Dziękuję za dobrą wzmiankę. Rzeczywiście wielokrotnie wspominałem o programie SuperMemo z bazą Easy English Plus, które mozna dostać za ok. 5 zł.
Dzięki Tawannannie kupiłem Rzeczpospolitą z płytą z SuperMemo i bazą FCE Words, uważam ja za wzór bazy do własnej robudowy lub tworzenia podobnej.
Zgadzam się z Tobą, że nie trzeba mieć kilku półek pełnych podręczników, by uczyć się języka, zgadzam sie tez z tym, że
>- słownik
>- 1 podręcznik+ćwiczenia (jeszcze z zajęć)

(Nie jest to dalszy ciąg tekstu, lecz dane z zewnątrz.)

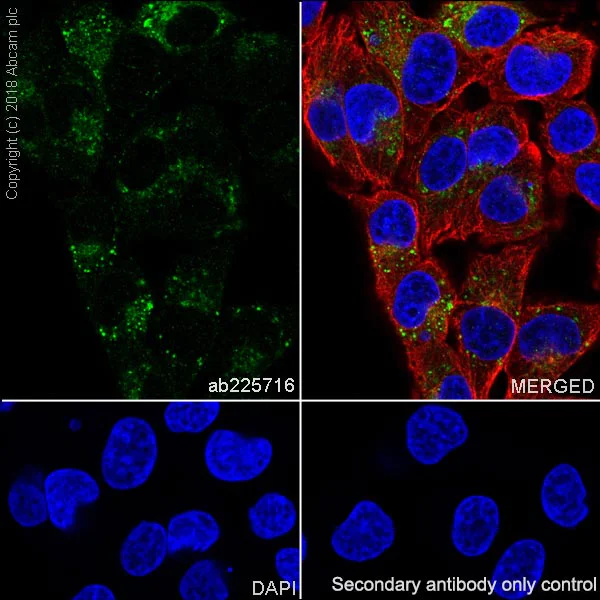 Immunocytochemistry/ Immunofluorescence - Anti-SPARC antibody [SP205] - BSA and Azide free (AB245733)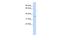 Visual System Homeobox 1 antibody, A04907, Boster Biological Technology, Western Blot image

>- 1 książkę z ćwiczeniami do gramatyki (+ drugą pożyczoną, ale też
>oryginalną)
>- książkę z odmianą czasowników
wystarczy na początek, ale uważam, że jeden podręcznik nie wystarczy.

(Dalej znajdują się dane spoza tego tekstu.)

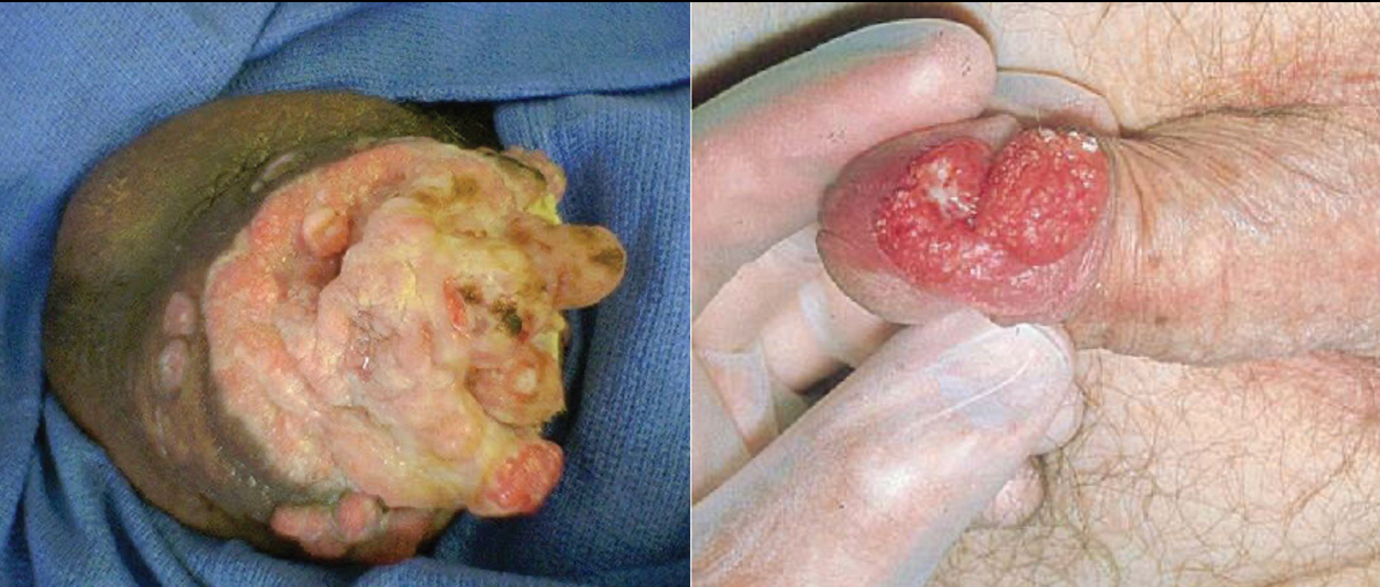 Penile Cancer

Przeczytaj artykuł pod adresem:
http://www.msstudio.com.pl/~pwn/opis1.html
A jeśli chodzi o kserowanie całych książek, to uważam to za piractwo czystej wody. Zdarzało mi się jednak czasami skserować jeden rozdział lub kilkanaście stron, gdy zalecał to lektor, który zajęcia prowadził z określonego podręcznika, ale niektóre tematy wybierał z innych, w których były lepiej opracowane.